── RECORDS TO PROCESS ──
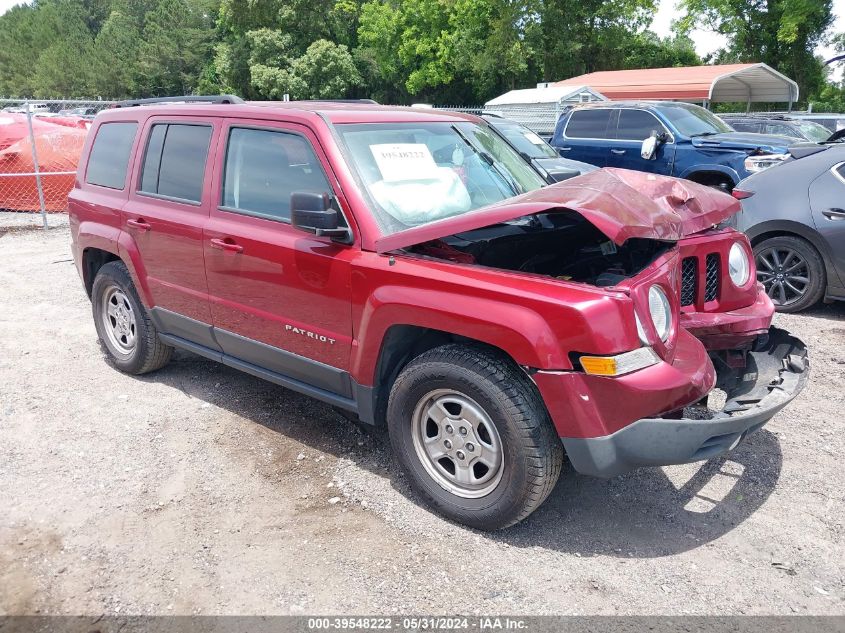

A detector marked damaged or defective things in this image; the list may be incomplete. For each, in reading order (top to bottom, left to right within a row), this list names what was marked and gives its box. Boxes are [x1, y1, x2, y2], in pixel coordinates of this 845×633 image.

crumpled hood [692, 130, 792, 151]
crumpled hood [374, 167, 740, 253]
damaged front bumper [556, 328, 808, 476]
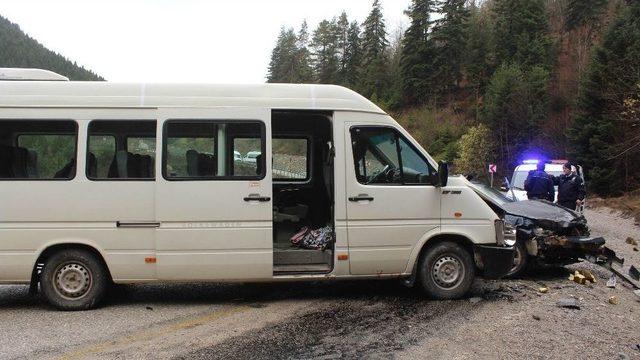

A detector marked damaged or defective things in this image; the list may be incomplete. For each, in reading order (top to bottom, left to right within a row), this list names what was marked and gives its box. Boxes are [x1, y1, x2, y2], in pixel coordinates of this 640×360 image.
───
--- WHAT IS NEEDED ---
Transcribe every entry word for word, but skip the pictures.

--- RESPONSE TO THE TASK ---
A detector marked damaged or defective things in this image; the list may be incomplete. For each, in reading order (top to bottom, left to right within a row), this list names what was marked and gives its box. Boxes are [x1, y1, x2, y2], in pixel coordinates of this 845×633 image.

crumpled hood [692, 130, 792, 151]
crumpled hood [374, 167, 740, 253]
damaged front bumper [556, 328, 808, 476]

A detector marked damaged or defective things in this image; the list may be incomplete. For each, in reading order (top to bottom, left to right within a row), this list names what was marked and gives its box. Boxes are [x1, y1, x2, y2], in pixel coordinates of this 640×360 image.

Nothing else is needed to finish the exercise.